* **REQUIRED WORK**
Keep the images out while you retype all of the data exactly.

* **THE RECORDS**
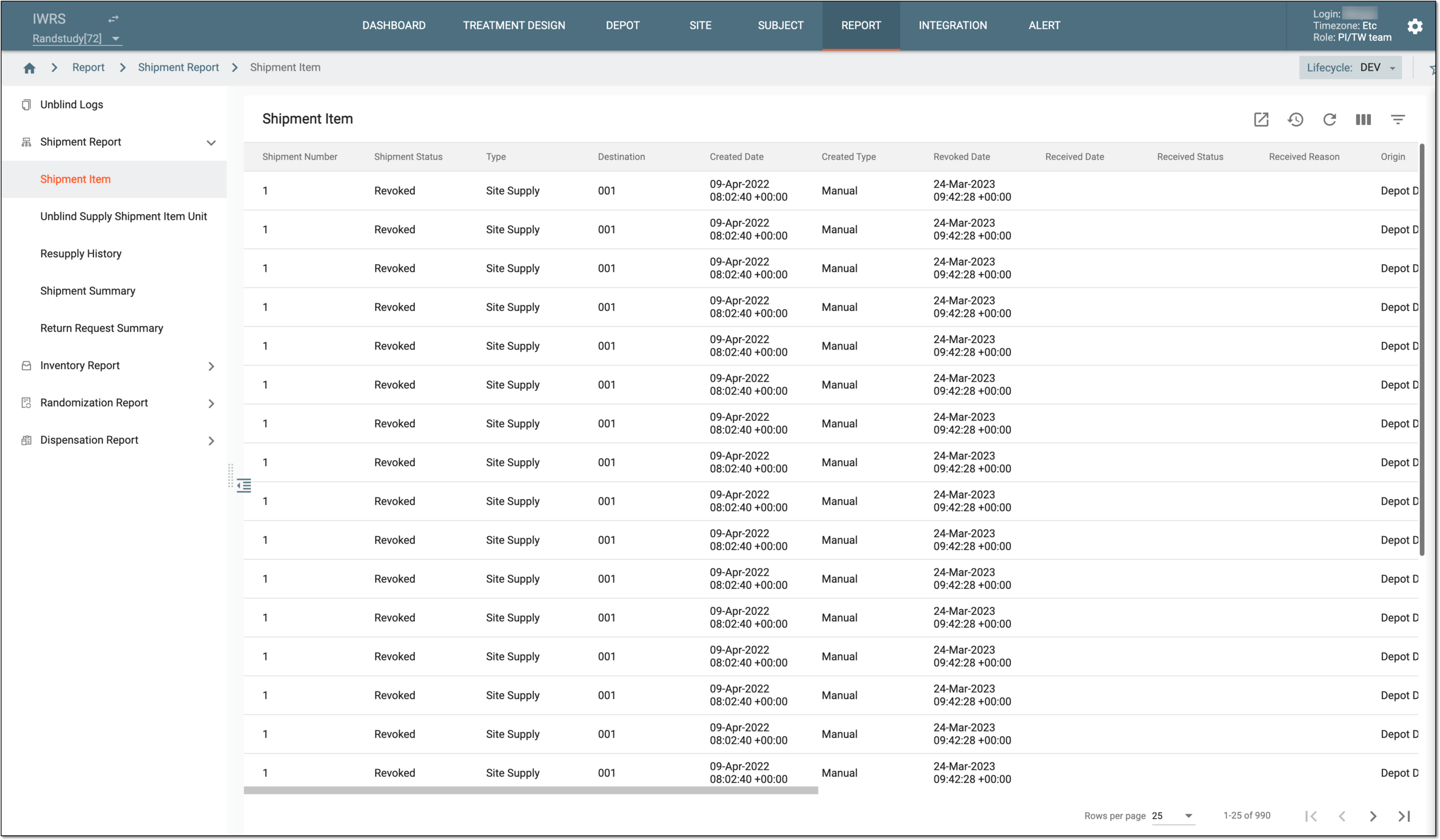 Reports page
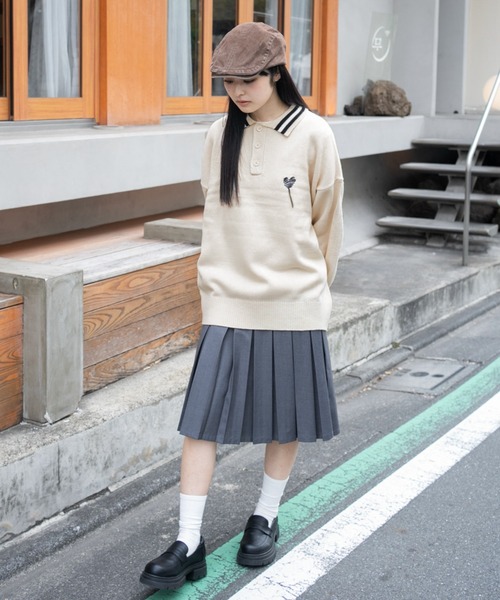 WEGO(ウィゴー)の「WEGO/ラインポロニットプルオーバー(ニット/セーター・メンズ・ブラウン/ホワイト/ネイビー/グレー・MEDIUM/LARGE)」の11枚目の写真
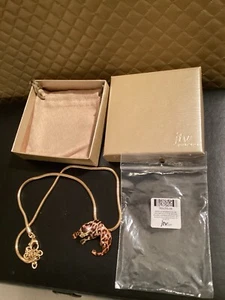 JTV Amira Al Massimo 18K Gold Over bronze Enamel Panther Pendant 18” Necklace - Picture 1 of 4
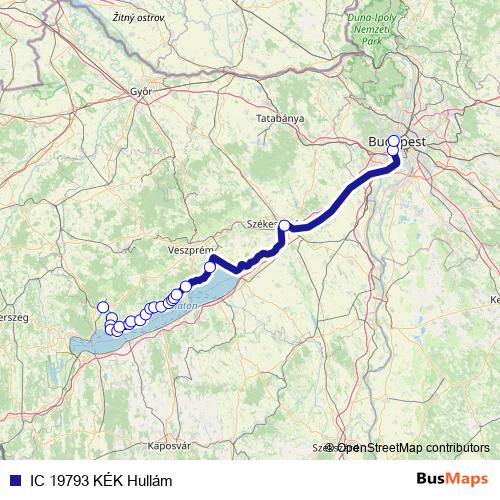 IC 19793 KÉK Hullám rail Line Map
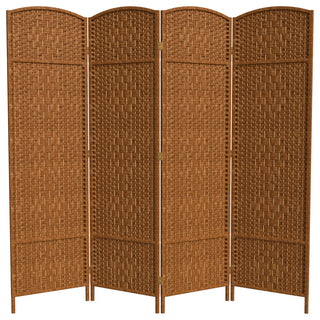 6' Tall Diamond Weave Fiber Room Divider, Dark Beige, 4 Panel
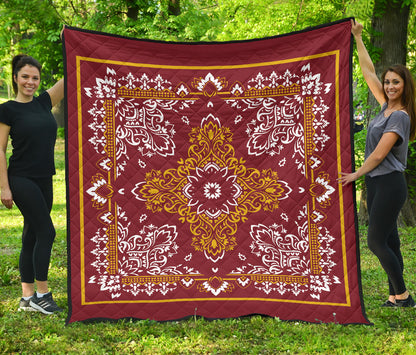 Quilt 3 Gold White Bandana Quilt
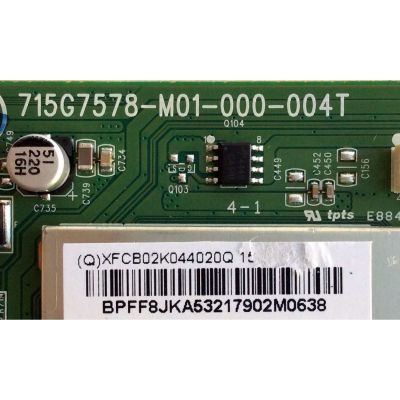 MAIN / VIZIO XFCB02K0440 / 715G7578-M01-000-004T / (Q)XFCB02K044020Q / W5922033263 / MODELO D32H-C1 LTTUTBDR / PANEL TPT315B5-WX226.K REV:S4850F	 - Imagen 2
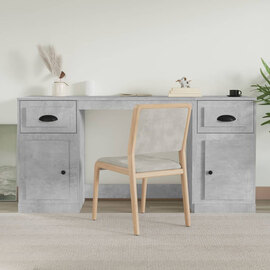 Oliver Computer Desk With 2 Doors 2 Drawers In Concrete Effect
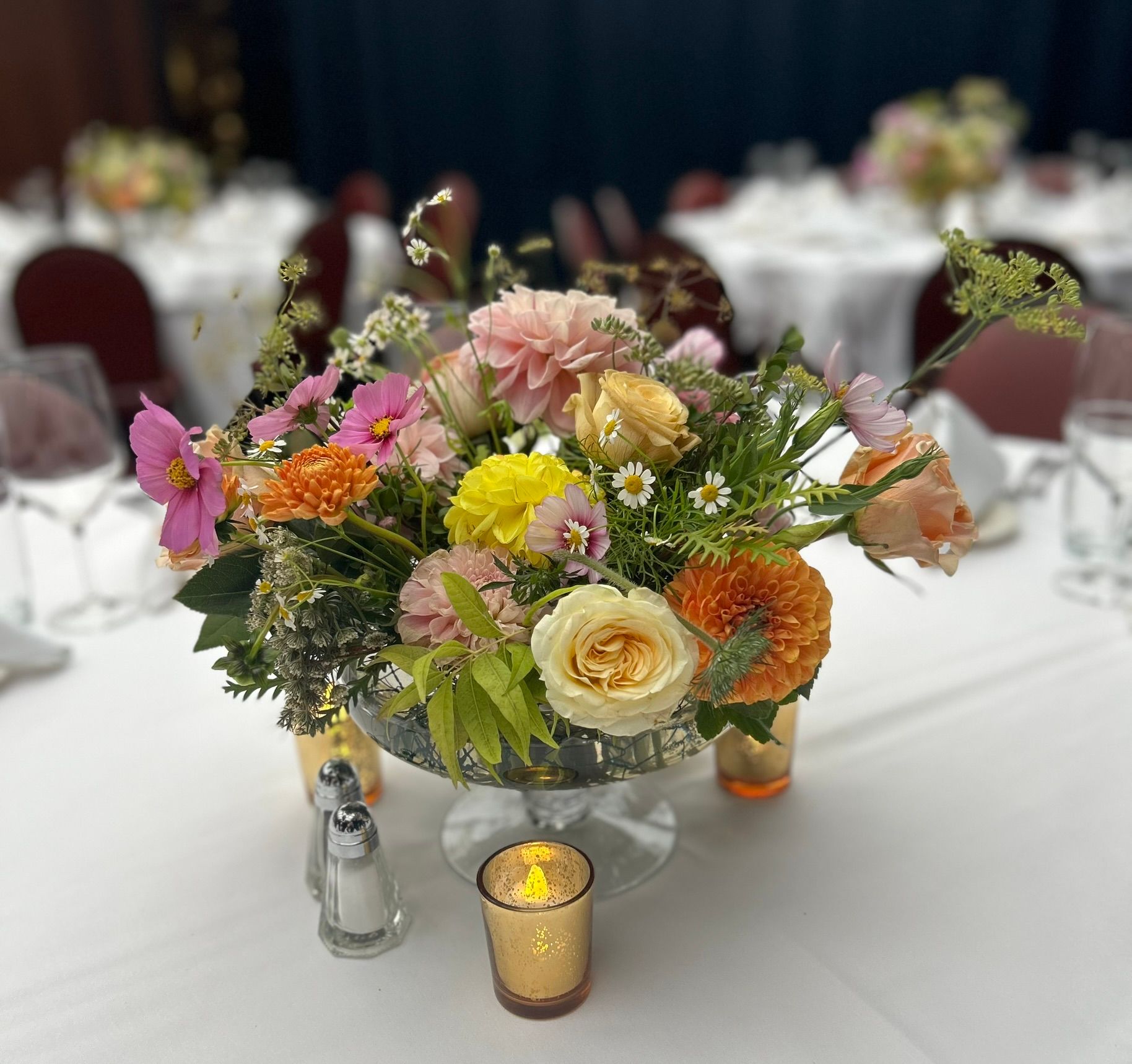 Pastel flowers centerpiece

* **ANSWER BOX**
 Reports page
 WEGO(ウィゴー)の「WEGO/ラインポロニットプルオーバー(ニット/セーター・メンズ・ブラウン/ホワイト/ネイビー/グレー・MEDIUM/LARGE)」の11枚目の写真
 JTV Amira Al Massimo 18K Gold Over bronze Enamel Panther Pendant 18” Necklace - Picture 1 of 4
 IC 19793 KÉK Hullám rail Line Map
 6' Tall Diamond Weave Fiber Room Divider, Dark Beige, 4 Panel
 Quilt 3 Gold White Bandana Quilt
 MAIN / VIZIO XFCB02K0440 / 715G7578-M01-000-004T / (Q)XFCB02K044020Q / W5922033263 / MODELO D32H-C1 LTTUTBDR / PANEL TPT315B5-WX226.K REV:S4850F	 - Imagen 2
 Oliver Computer Desk With 2 Doors 2 Drawers In Concrete Effect
 Pastel flowers centerpiece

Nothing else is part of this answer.